**WORK TO COMPLETE**
The answer must consist only of the lines from the line with "Könnte beinhalten: Ein" to the line with "Een houten motorboot", both included, exactly as they stand below.

**AVAILABLE DATA**
>>>>>

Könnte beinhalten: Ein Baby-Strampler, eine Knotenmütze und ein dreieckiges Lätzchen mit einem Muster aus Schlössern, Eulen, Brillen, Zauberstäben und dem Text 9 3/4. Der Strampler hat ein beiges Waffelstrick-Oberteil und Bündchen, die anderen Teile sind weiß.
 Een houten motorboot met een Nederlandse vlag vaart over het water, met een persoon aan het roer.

<<<<<
>>>>>

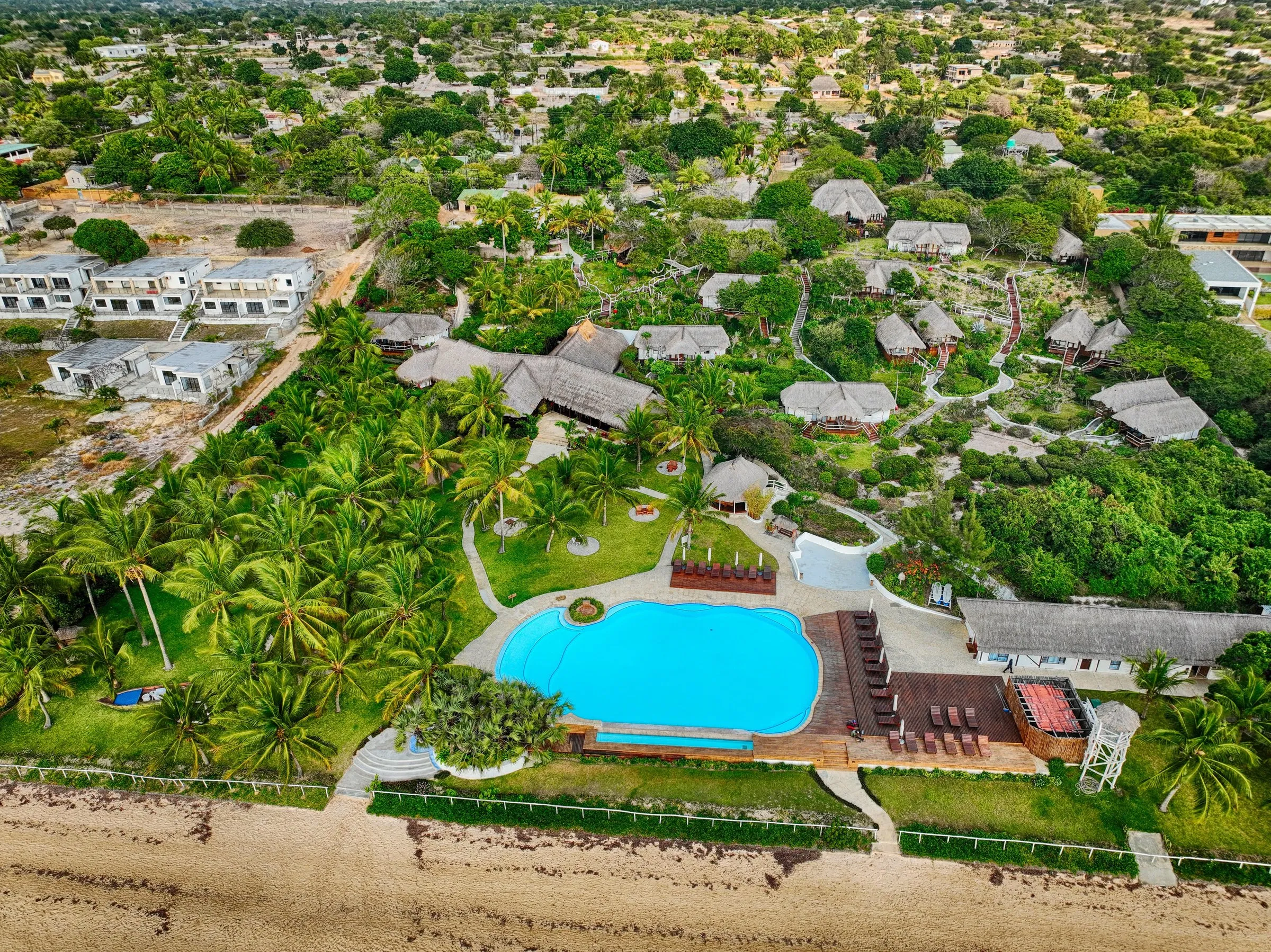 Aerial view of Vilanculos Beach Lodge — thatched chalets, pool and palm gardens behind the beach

<<<<<

**SOLUTION**
Könnte beinhalten: Ein Baby-Strampler, eine Knotenmütze und ein dreieckiges Lätzchen mit einem Muster aus Schlössern, Eulen, Brillen, Zauberstäben und dem Text 9 3/4. Der Strampler hat ein beiges Waffelstrick-Oberteil und Bündchen, die anderen Teile sind weiß.
 Een houten motorboot met een Nederlandse vlag vaart over het water, met een persoon aan het roer.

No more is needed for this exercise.